TASK BRIEF: Once the line with "A pink sweatshirt" is found in the entries below, repeat that line and every one after it exactly, ending at the last.

PROVIDED DATA:
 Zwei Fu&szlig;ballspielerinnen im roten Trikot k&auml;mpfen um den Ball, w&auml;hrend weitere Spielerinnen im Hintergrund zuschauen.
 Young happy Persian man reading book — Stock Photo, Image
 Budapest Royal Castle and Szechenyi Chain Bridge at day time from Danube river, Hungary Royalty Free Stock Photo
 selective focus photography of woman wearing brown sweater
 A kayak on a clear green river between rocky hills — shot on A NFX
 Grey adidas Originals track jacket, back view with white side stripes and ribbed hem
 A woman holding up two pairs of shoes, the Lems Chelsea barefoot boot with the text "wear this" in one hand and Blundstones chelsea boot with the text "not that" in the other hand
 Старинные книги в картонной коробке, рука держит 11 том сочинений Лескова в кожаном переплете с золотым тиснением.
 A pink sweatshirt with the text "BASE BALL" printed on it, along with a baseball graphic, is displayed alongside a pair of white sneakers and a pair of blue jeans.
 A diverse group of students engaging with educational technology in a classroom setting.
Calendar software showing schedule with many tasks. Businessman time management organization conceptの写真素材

REPLY:
 A pink sweatshirt with the text "BASE BALL" printed on it, along with a baseball graphic, is displayed alongside a pair of white sneakers and a pair of blue jeans.
 A diverse group of students engaging with educational technology in a classroom setting.
Calendar software showing schedule with many tasks. Businessman time management organization conceptの写真素材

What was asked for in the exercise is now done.